[Short web captions]
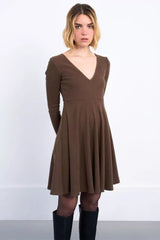 Woman wearing a brown dress with long sleeves on a white background
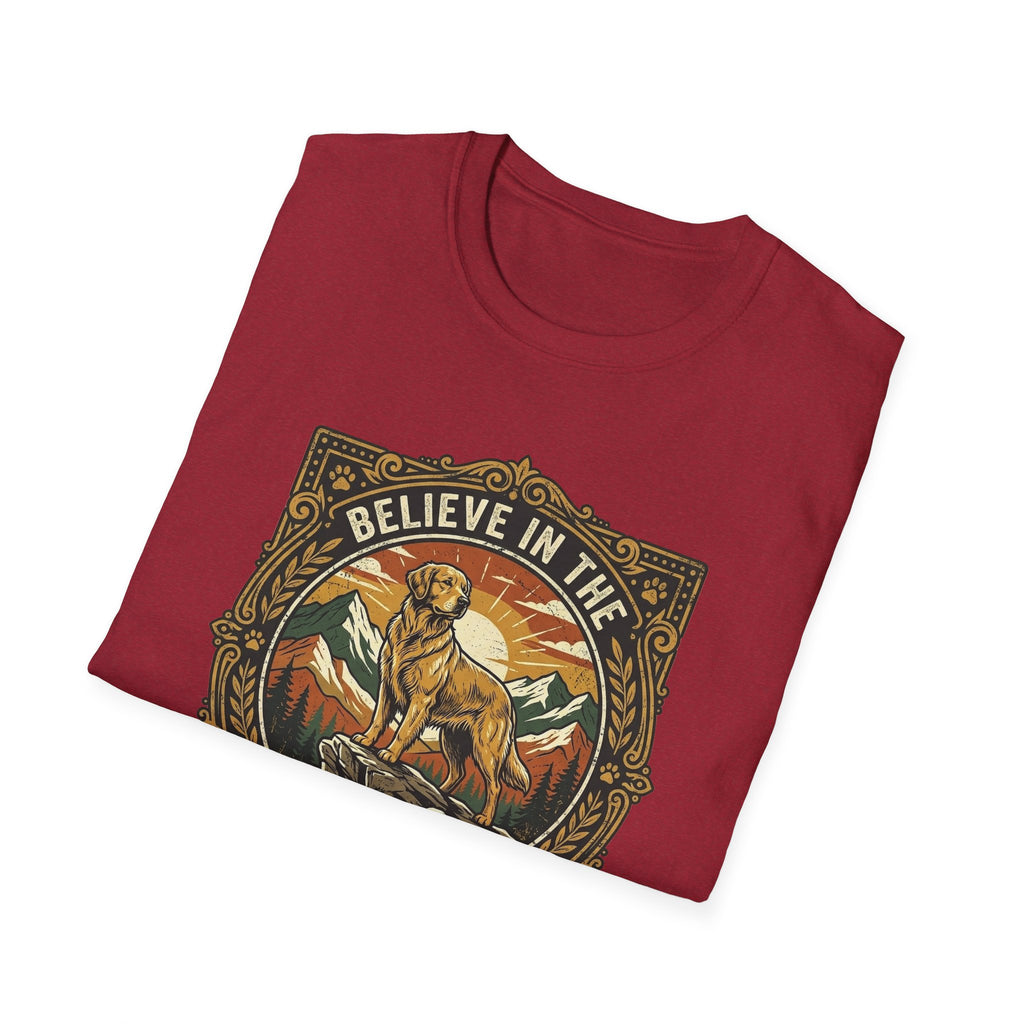 Believe in the Power of Dog T-shirt folded flat lay in cardinal red, showing the ornate vintage badge graphic of a Labrador on a rocky mountain outcrop with 'Believe in the' arched text at top.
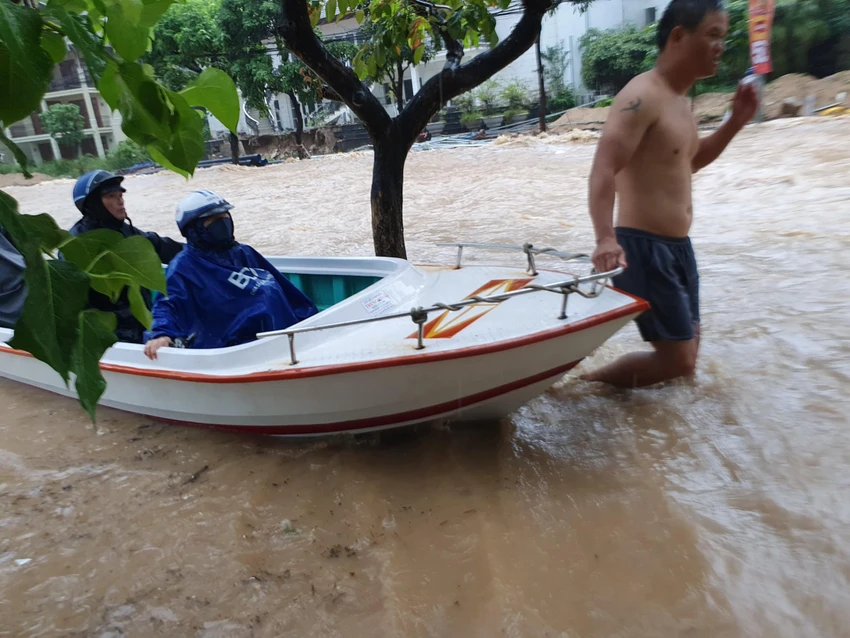 Nhiều người dân đã phải sử dụng ghe để qua đoạn nước nguy hiểm. Ảnh: QN ngap-nang-o-quy-nhon-binh-dinh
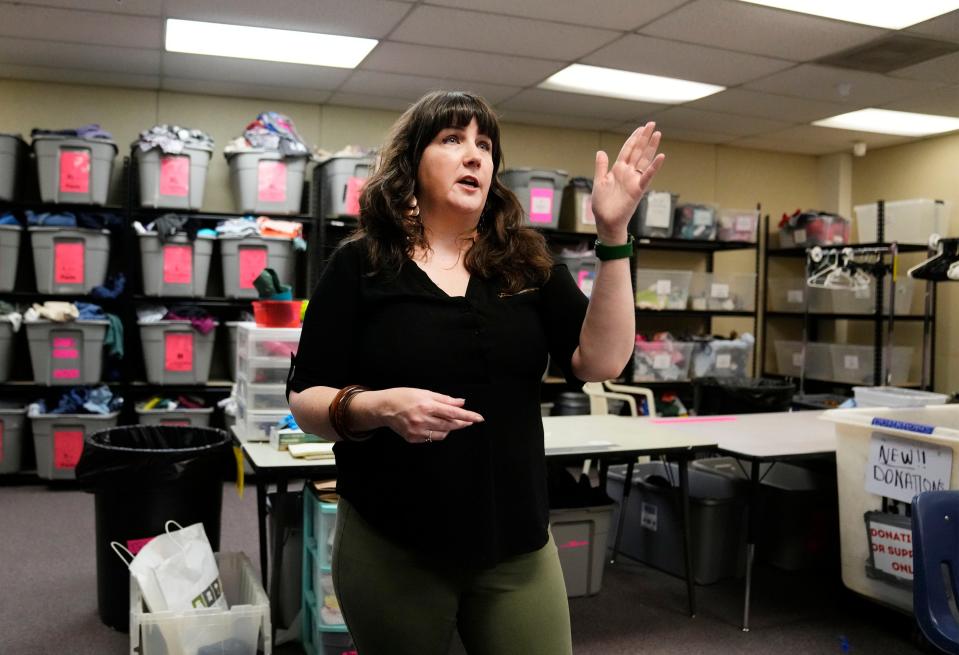 Beth Strano, asylum seekers and families engagement manager, shows the clothing storage room at the Welcome Center in Phoenix on July 12, 2023. The Welcome Center marks four years of providing shelter, food and other humanitarian assistance to asylum seekers released by federal immigration authorities. Some credit the center for eliminating the street releases of asylum seekers in the past and alleviating the strain placed on local churches that had stepped in to accommodate them.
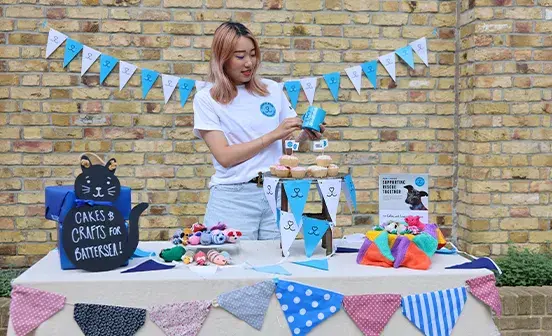 A person standing behind a cake and crafts sale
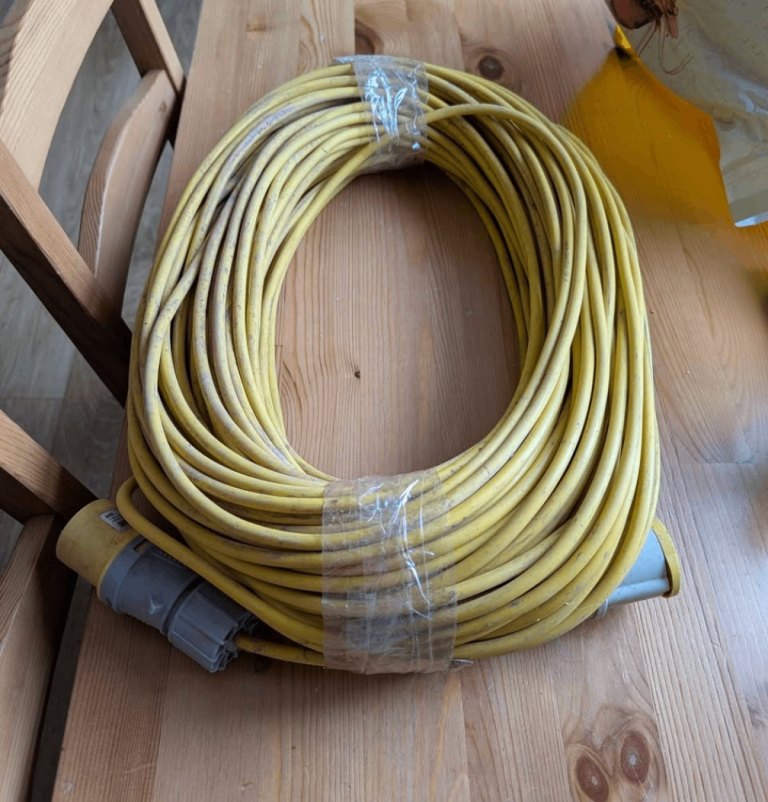A long 50m yellow heavy duty extension lead with three-pin industrial plugs.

§ Exercise details
Take the records from their first line through the line containing "Believe in the Power" and please return exactly those lines, both ends included, minus the pictures.

§ Solution to the exercise
 Woman wearing a brown dress with long sleeves on a white background
 Believe in the Power of Dog T-shirt folded flat lay in cardinal red, showing the ornate vintage badge graphic of a Labrador on a rocky mountain outcrop with 'Believe in the' arched text at top.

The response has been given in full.